■ Required action: Set out the records below again exactly; skip the images.

■ Dataset records:

○ ○ ○ ○ ○

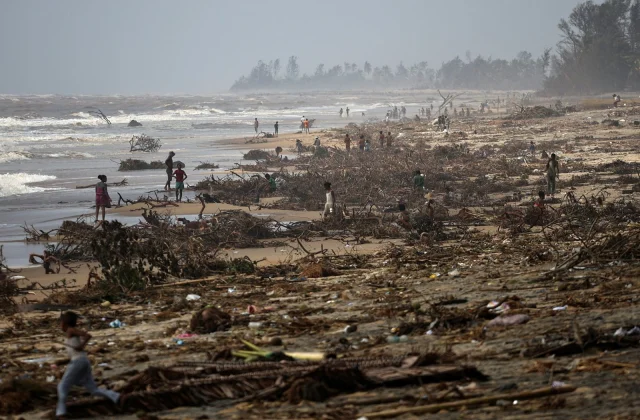The cyclone evens out town of Madagascar with 120 lifeless, help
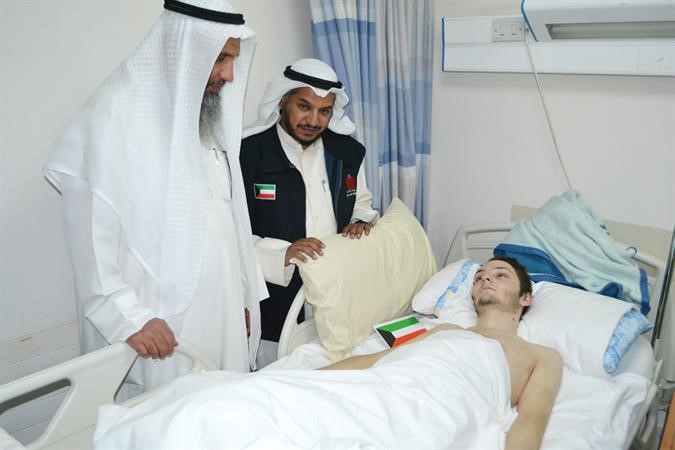دالعنجري يعايد مريضا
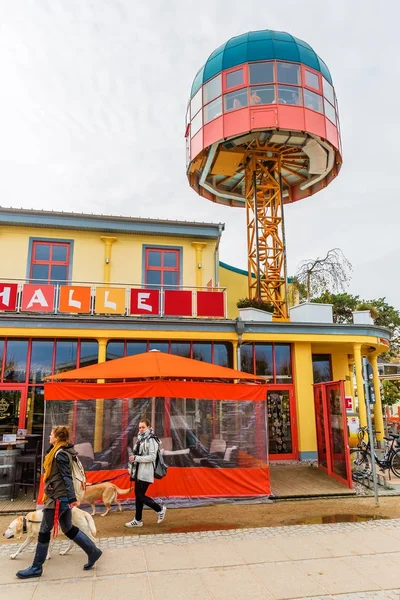 Opgeheven café aan de boulevard in Zinnowitz, Usedom, Duitsland — Stockfoto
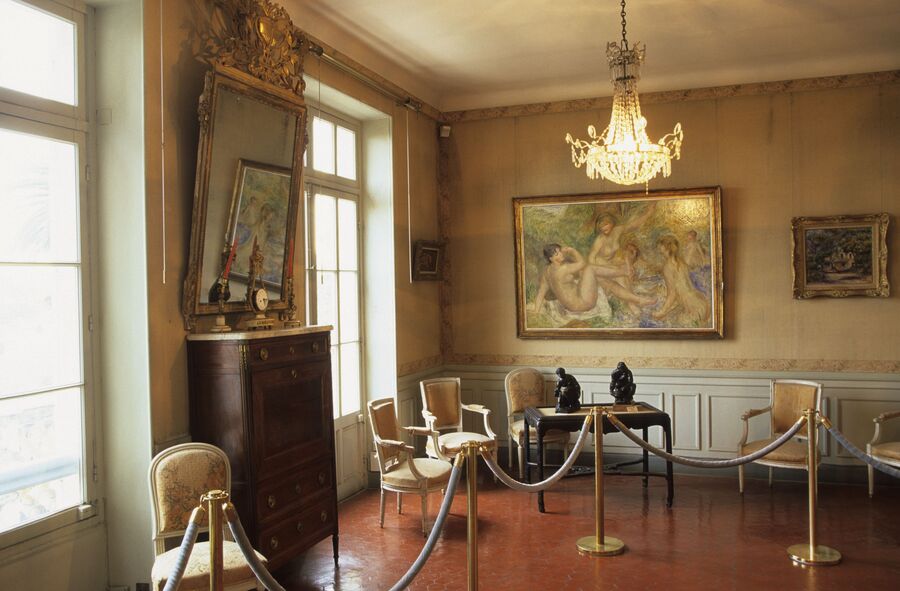 盗まれたルノワールの絵画を「住宅の壁の裏」で発見。6人が逮捕、カンバスには裂け目も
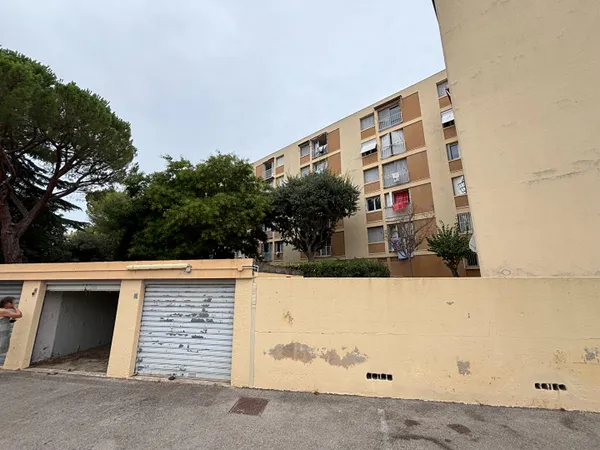 Garage 14 m²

○ ○ ○ ○ ○

■ Your response:
The cyclone evens out town of Madagascar with 120 lifeless, help
دالعنجري يعايد مريضا
 Opgeheven café aan de boulevard in Zinnowitz, Usedom, Duitsland — Stockfoto
 盗まれたルノワールの絵画を「住宅の壁の裏」で発見。6人が逮捕、カンバスには裂け目も
 Garage 14 m²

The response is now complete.